Monday, October 28, 2013
Ella and Louis Again on Analogue Productions' CD/SACD Hybrid
"Mono kicks ass!"
Bob Clarke was right. As soon as I brought the Analogue Production CD/SACD reissue of Ella and Louis Again into our room at the Rocky Mountain Audio Fest earlier this month, I knew Chad Kassem had another winner on his hands. Between Chad's Analogue Productions record label, 2L Recordings and FIM, the audiophile market is flooded with great reissues right now. It's certainly risky to play mono recordings at trade shows--one of those sit-down-for-three-and-a-half-seconds audiophiles might drop by and then proceed to tell his all his buddies that the sound in the room was compressed and that the soundstage seemed awfully narrow. For me it takes a few seconds for a mono recording to register in my brain--especially one that sounds as good as this one. Listening to a beautiful mono recording like Ella and Louis Again is like viewing an Ansel Adams print. Sure, it's in black and white, but look at all that amazing detail!
I've been joking for the last few weeks that among audiophiles, this seems to be the Year of Ella Fitzgerald. Once I purchased the Analogue Productions CD/SACD of Clap Hands Here Comes Charlie! a few months ago, it seems like I've been hearing her everywhere--not just at trade shows. Part of the reason, I suppose, is because there are so many great Ella reissues out on audiophile labels right now--including this disc's predecessor, 1956's Ella and Louis, which Chad released not too long ago. I've jumped on the Ella bandwagon as well, and I've been a sucker for all things Satchmo for at least the last decade, so buying this exquisite 1957 mono recording seemed to make perfect sense even if the occasional show attendee didn't quite get it.

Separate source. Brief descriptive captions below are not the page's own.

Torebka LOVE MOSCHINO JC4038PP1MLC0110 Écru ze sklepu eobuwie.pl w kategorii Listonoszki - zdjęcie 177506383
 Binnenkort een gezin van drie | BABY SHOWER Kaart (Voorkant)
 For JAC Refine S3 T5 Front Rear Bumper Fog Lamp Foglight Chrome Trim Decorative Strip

Yes, this album kicks ass. Look at the line-up...aside from Ella and Mr. Armstrong, you have Ray Brown on bass, Oscar Peterson on piano, Louis Bellson on drums and Herb Ellis on guitar. Does it get any better than this? When you hear an excellent recording with stellar performers creating one-of-a-kind performances, you're instantly shoved into a time machine and transported to back to the recording event. When the recording is in mono (or even on a pristine 78 rpm disc), those quaint technologies add a stunning patina to the surface. It's like seeing a daguerrotype of a long-dead historical figure and seeing through the scratches and the blemishes and saying to yourself, "My God, that's really them!"
It certainly helps when someone comes along a squeezes even more life out of the artifact while gently wiping off a layer of dust. I'm sure there are plenty of vinylphiles like me who would rather have a mint copy of the first Verve pressing of Ella and Louis Again, but I'm sure that would cost a fortune. For $30, you can have something that either comes awfully close, or completely
surpasses the original, depending on your format prejudices.